Il m'avait laissé le cœur au bord des lèvres, les yeux hagards, sans aucune larme pour sécher ma peine. Je m'étais trompé. Comme toujours, j'avais été naïve. Je m'étais trompé à ce croisement que nous avons pris, je croyais que mes choix ne nous sépareraient pas, je ne croyais pas pouvoir vivre sans vous.

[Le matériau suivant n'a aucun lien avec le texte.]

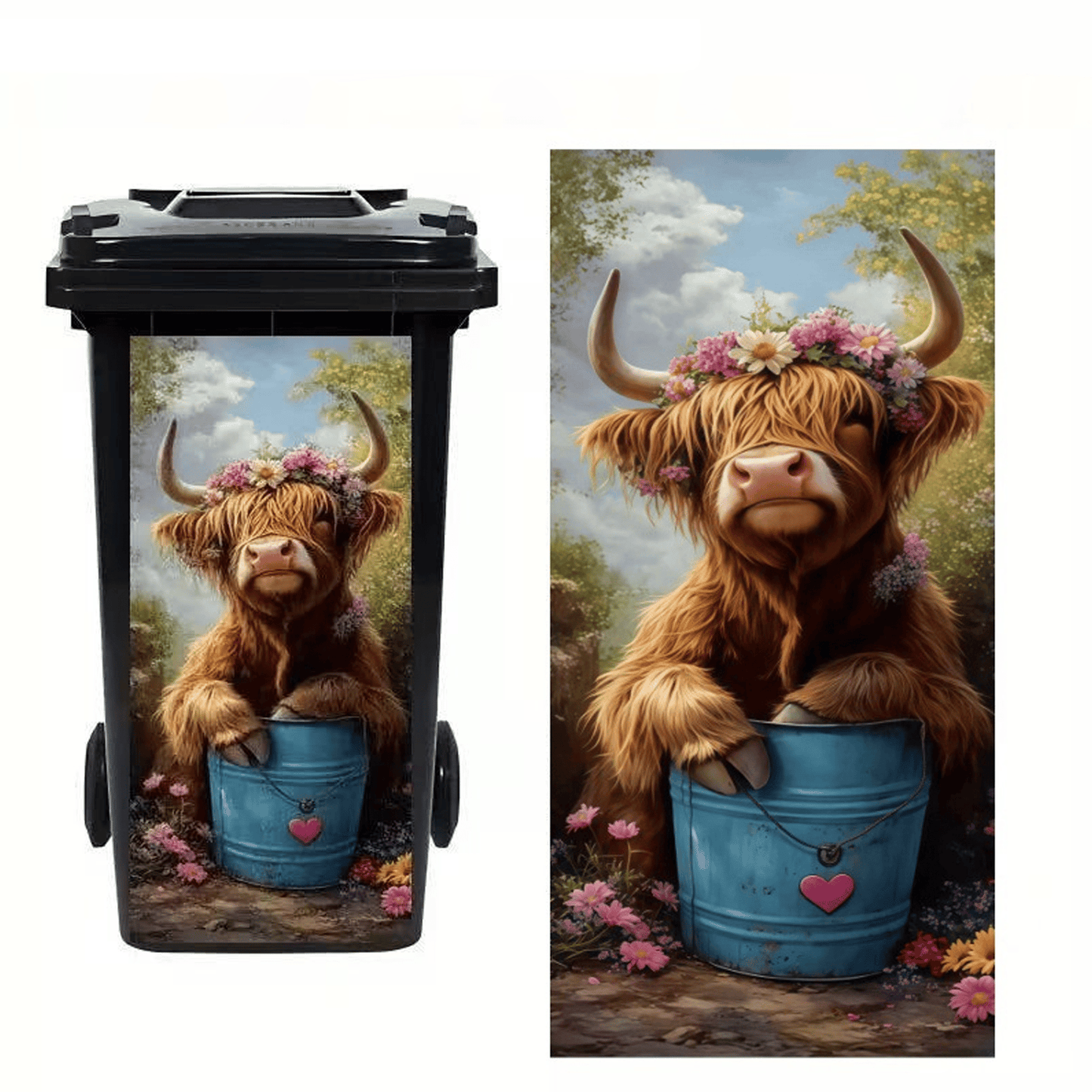 Kreativer Mülleimer‑Aufkleber mit bunten Cartoon‑Motiven✨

Cette nuit là, je nous ai revus, comme à notre dernière fois. Mon père m'expliquant les batailles qui avaient eu lieu ici, les terreurs infligées par les armées Holdars.
Tu te souviens que nous avons joué après ? J'étais un vil Holdar qui vous attaquait. Mon père n'a rien dit, mais j'ai vu sa peine. Alors Elle m'est apparue de nouveaux. Elle n'a pas changé, c'est toujours une petite bâtisse avec un toit d'un blanc pâle reflétant le soleil. Les murs couleurs de perles sont maintenant brodés d'une herbe haute et vigoureuse. Dans les jardins, je vois une belette courir entre les simples et les fleurs. Et les vitraux arborent toutes les couleurs du plus vif des rouges aux plus joyeux jaunes. Même de l'extérieur, on peut sentir la bougie et le vieux parchemin somnolant tranquillement. Et l'escalier de bois où nous pourrions nous assoir pour parler, il n'a pas changé ! Je te vois déjà passer de longues heures à ranger la bibliothèque, et tout défaire le matin. Tu aurais ton écritoire au fond, au calme près de la cheminée. Il y aura peu être plus de cris et de voix joyeuses- je crois que j'avais oublié la cheminée dans mon enfance. Derrière la maison, si on monte sur la colline on peut voir les murailles de Nim Duin baignaient par la lumière de l'aube. Et il y aurait des tulipes à l'entrée avec des coussins pour étudier dehors quand il fait beau.

Je ne suis pas folle mon ami. C'était il y a plusieurs années déjà pourtant le souvenir en est aussi net que cette nuit. Le matin, j'ai pleuré. Pleuré mes amis perdus et mes amours passés, j'ai pleuré mon enfance qui était morte cette nuit. Les choix que j'allais faire amèneraient de nouvelles séparations. Cette fois je verserai des larmes pour ceux qui partent, je ne ferai plus souffrir les autres par ma naïveté.
Tu devines la suite ? Mon mentor m'attendait près de la route.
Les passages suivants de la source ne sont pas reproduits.